But the number one reason for removing K-16 was the growing Purple Martins’ colony at the farm. The Purple Martin Conservation Association has listed American Kestrels as a threat to Purple Martins. I don’t raise martins, but I belong to the PMCA and they know what they are talking about. So, we thought it best, before any incidents are recorded, that K-16 should be moved to make the farm safer for the martins.

A rehabilitated box was painted with the number 16 on its front panel and now stands at a good site with no martin hotels in the area. Kestrel conservation will continue with a total of 18 boxes making for a stable project that has fledged 1,288 young falcons since its first productive family in 1995.

A brave mother kestrel protects her young on May 20, 2019.

Two extremely positive events took place on June 7 and 17 when orphaned kestrels from the Ohio Wildlife Center were fostered. One orphan was added to a family of four nestlings, and the later one joined a second family of three nestlings. As far as fostering is concerned, I say that parent birds can’t count and they always accept the fostered youngsters as long as they are of the same age as the original family. Once the fostered birds were added, the project fledged 58 young falcons. 

The following event has been published in two newsletters, but I thought it deserved more exposure since it was so unique and memorable to its victim. On May 23, 2020, an event took place that really made me smile after everything ended without any detrimental outcomes; a female American Kestrel hit my head. Good news for both of us, she did not grab my head with her talons. I was wearing my Ohio State Parks and Watercraft volunteer’s cap, and instead of a solid fabric, two-thirds of the cap’s crown is a plastic mesh fabric that allows maximum ventilation to one’s head. Had the falcon grabbed it while trying to make me bleed, the webbed fabric might have tangled with her talons to cause flight problems.

American Kestrel in flight

The thump on my head felt like a sock full of sand and she hit on the left side of the back of my skull. I believe she made contact with one side of her breast bone’s keel that contains muscles connected to her wing. Ironically, I believe I caused the collision since I had just reached the kestrel box to unfasten its hook. As I raised the hinged lid, I leaned to the left to allow the lid to pass my face and the hawk was too close to avoid hitting me.

Was she hurt? No, she flew fifty or more yards east to land on the utility wire to prepare for more passes. After I counted a family of five nestlings, I gently picked one up, and descended the ladder to join a laughing Dick Phillips. I handed the youngster to Dick, and then I went about writing band numbers and other information in my banding book. Dick held the bird’s body to present its leg to the jaws of my banding plyers. After I closed the leg band around the falcon’s tarsus, Dick climbed the ladder to return the nestling to its nest, after which he selected the second bird to be banded.

As Dick approached the top of the ladder, the determined mother launched another attack, and as she was within ten yards of her target, I blasted her with a loud, forceful pish-h-h-h.
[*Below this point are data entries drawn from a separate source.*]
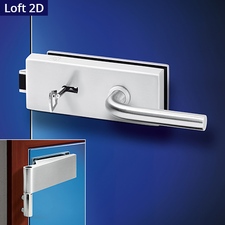 Lida Loft HR kování na skleněné dveře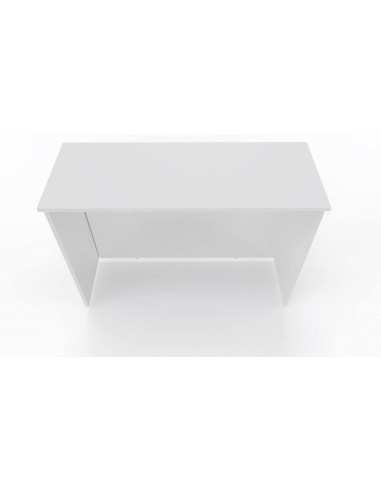 Bancone Reception L.125 cm h 110cm BIANCO per negozi uffici accoglienza , punto cassa
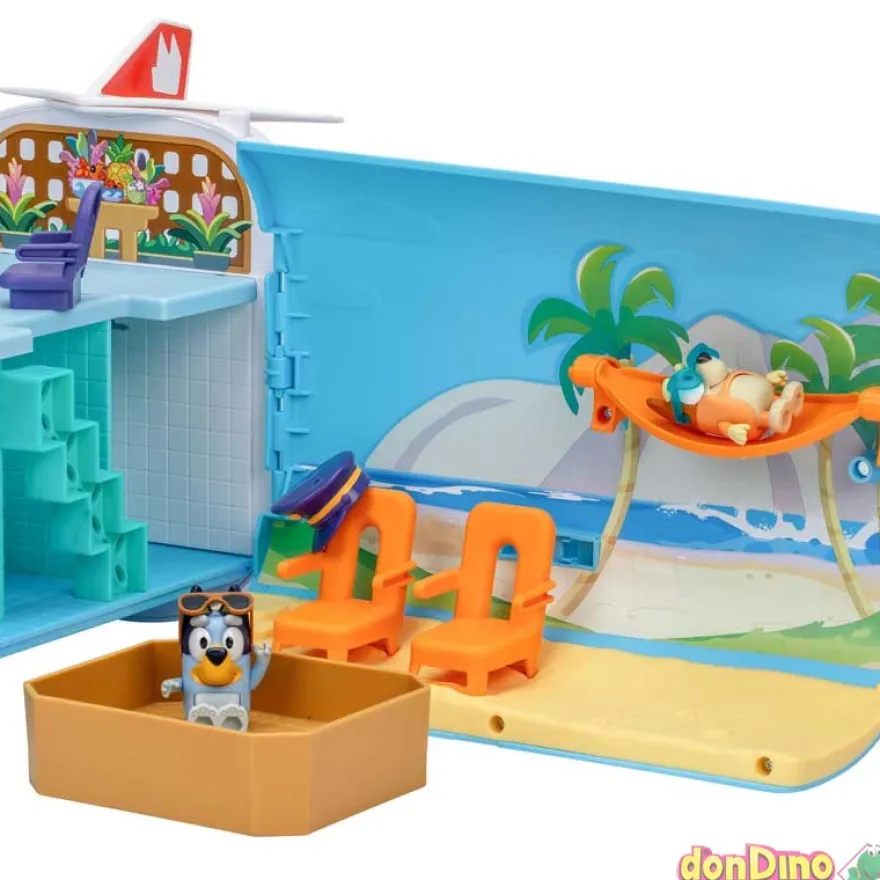 Avion 3 en 1 bluey 70 cm. - +25 sonidos y frases
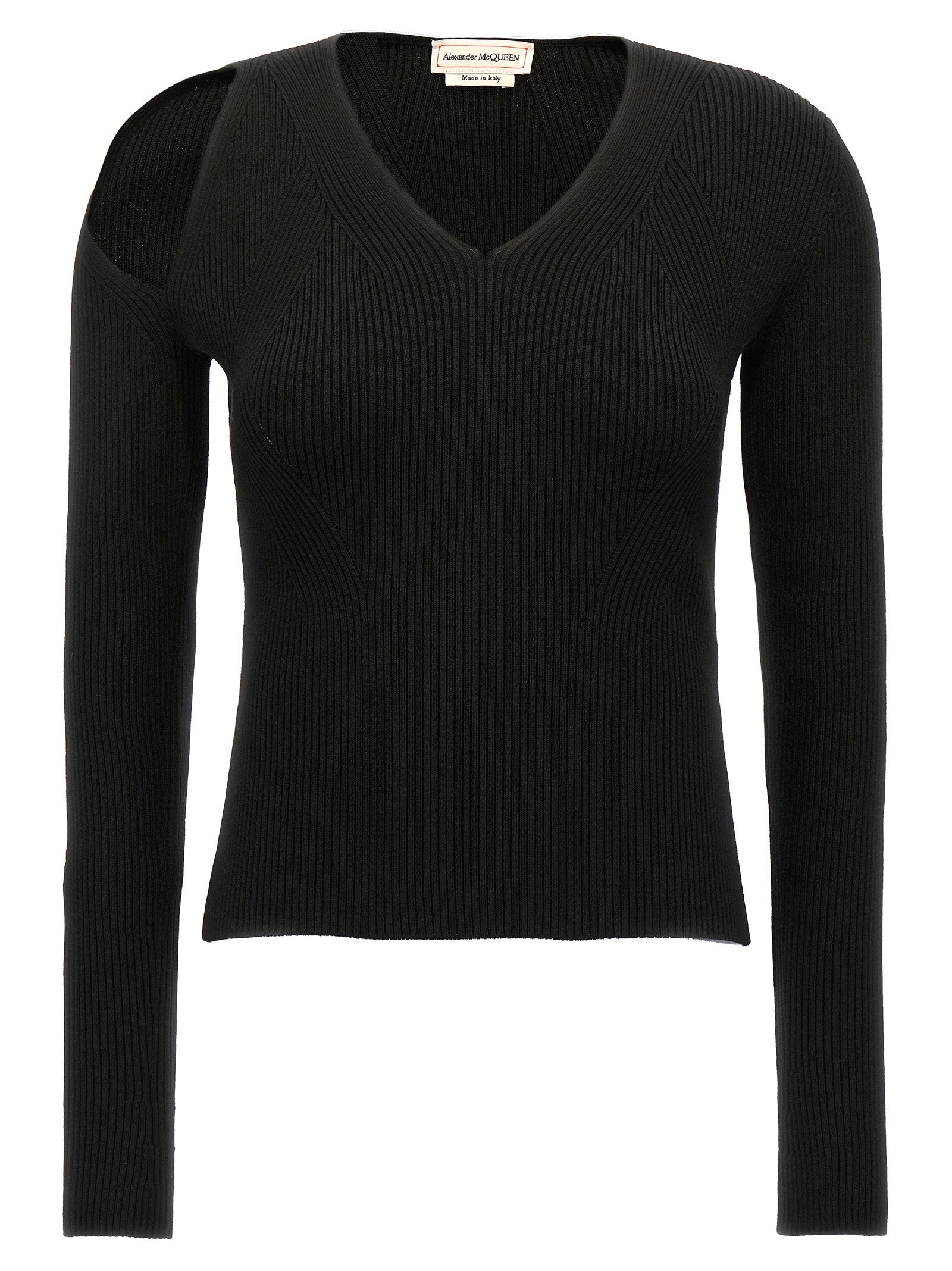 Alexander McQueen Schwarzer Wollcardigan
Hearing the pish, she veered off course to pass Dick and circled for a second attempt. I pished again to deter her. This went on for each trip up the ladder to return one and select another nestling to be banded. The good news is, her added attacks told us that she had not been injured when she delivered her first protest to my head.

Much is being reported on the decline of the kestrel population during recent decades, but every kestrel nestbox project that I am aware of has successfully raised our continent’s smallest falcon. We need more conservation projects to answer the small falcon’s need. So, conserve on!